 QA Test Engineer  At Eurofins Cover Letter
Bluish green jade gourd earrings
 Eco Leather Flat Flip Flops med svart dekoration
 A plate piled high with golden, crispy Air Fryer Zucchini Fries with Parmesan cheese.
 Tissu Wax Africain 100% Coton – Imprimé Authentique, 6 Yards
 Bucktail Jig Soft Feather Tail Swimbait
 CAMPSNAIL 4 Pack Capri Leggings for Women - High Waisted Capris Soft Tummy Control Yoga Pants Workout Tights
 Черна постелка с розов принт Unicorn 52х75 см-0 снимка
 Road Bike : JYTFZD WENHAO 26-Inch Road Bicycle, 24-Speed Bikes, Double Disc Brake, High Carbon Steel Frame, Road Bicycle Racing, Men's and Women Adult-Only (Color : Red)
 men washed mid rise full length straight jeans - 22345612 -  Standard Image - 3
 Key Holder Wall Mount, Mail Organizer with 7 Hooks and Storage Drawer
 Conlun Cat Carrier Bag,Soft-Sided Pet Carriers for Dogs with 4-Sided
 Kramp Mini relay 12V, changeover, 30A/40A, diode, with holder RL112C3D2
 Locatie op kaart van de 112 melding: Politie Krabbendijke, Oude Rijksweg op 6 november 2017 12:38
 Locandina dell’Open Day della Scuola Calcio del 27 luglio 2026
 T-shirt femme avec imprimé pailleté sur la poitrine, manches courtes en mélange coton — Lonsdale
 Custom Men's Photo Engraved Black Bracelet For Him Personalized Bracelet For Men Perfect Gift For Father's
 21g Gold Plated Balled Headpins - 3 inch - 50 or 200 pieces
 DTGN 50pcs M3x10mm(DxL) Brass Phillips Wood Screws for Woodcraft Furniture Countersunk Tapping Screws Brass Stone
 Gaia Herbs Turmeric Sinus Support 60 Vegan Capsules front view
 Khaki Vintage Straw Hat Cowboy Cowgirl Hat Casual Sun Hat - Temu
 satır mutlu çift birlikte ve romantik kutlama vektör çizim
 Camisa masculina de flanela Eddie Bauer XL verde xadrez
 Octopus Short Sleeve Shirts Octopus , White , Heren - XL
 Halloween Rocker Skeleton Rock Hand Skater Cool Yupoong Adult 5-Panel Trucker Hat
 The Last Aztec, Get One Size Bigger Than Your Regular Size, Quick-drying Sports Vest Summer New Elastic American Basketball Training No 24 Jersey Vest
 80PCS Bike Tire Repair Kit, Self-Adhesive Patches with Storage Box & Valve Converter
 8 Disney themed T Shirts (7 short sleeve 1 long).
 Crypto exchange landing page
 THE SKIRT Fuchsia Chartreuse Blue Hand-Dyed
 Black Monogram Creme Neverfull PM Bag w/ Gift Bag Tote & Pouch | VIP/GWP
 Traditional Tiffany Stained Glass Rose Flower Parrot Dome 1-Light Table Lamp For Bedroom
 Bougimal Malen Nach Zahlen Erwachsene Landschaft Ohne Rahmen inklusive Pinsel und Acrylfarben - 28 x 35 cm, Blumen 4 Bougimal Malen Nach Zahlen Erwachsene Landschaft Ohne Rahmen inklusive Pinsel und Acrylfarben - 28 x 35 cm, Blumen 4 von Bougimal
##############################
Required work:
A verbatim version of the complete listing above is to be returned.

Result for this task:
 QA Test Engineer  At Eurofins Cover Letter
Bluish green jade gourd earrings
 Eco Leather Flat Flip Flops med svart dekoration
 A plate piled high with golden, crispy Air Fryer Zucchini Fries with Parmesan cheese.
 Tissu Wax Africain 100% Coton – Imprimé Authentique, 6 Yards
 Bucktail Jig Soft Feather Tail Swimbait
 CAMPSNAIL 4 Pack Capri Leggings for Women - High Waisted Capris Soft Tummy Control Yoga Pants Workout Tights
 Черна постелка с розов принт Unicorn 52х75 см-0 снимка
 Road Bike : JYTFZD WENHAO 26-Inch Road Bicycle, 24-Speed Bikes, Double Disc Brake, High Carbon Steel Frame, Road Bicycle Racing, Men's and Women Adult-Only (Color : Red)
 men washed mid rise full length straight jeans - 22345612 -  Standard Image - 3
 Key Holder Wall Mount, Mail Organizer with 7 Hooks and Storage Drawer
 Conlun Cat Carrier Bag,Soft-Sided Pet Carriers for Dogs with 4-Sided
 Kramp Mini relay 12V, changeover, 30A/40A, diode, with holder RL112C3D2
 Locatie op kaart van de 112 melding: Politie Krabbendijke, Oude Rijksweg op 6 november 2017 12:38
 Locandina dell’Open Day della Scuola Calcio del 27 luglio 2026
 T-shirt femme avec imprimé pailleté sur la poitrine, manches courtes en mélange coton — Lonsdale
 Custom Men's Photo Engraved Black Bracelet For Him Personalized Bracelet For Men Perfect Gift For Father's
 21g Gold Plated Balled Headpins - 3 inch - 50 or 200 pieces
 DTGN 50pcs M3x10mm(DxL) Brass Phillips Wood Screws for Woodcraft Furniture Countersunk Tapping Screws Brass Stone
 Gaia Herbs Turmeric Sinus Support 60 Vegan Capsules front view
 Khaki Vintage Straw Hat Cowboy Cowgirl Hat Casual Sun Hat - Temu
 satır mutlu çift birlikte ve romantik kutlama vektör çizim
 Camisa masculina de flanela Eddie Bauer XL verde xadrez
 Octopus Short Sleeve Shirts Octopus , White , Heren - XL
 Halloween Rocker Skeleton Rock Hand Skater Cool Yupoong Adult 5-Panel Trucker Hat
 The Last Aztec, Get One Size Bigger Than Your Regular Size, Quick-drying Sports Vest Summer New Elastic American Basketball Training No 24 Jersey Vest
 80PCS Bike Tire Repair Kit, Self-Adhesive Patches with Storage Box & Valve Converter
 8 Disney themed T Shirts (7 short sleeve 1 long).
 Crypto exchange landing page
 THE SKIRT Fuchsia Chartreuse Blue Hand-Dyed
 Black Monogram Creme Neverfull PM Bag w/ Gift Bag Tote & Pouch | VIP/GWP
 Traditional Tiffany Stained Glass Rose Flower Parrot Dome 1-Light Table Lamp For Bedroom
 Bougimal Malen Nach Zahlen Erwachsene Landschaft Ohne Rahmen inklusive Pinsel und Acrylfarben - 28 x 35 cm, Blumen 4 Bougimal Malen Nach Zahlen Erwachsene Landschaft Ohne Rahmen inklusive Pinsel und Acrylfarben - 28 x 35 cm, Blumen 4 von Bougimal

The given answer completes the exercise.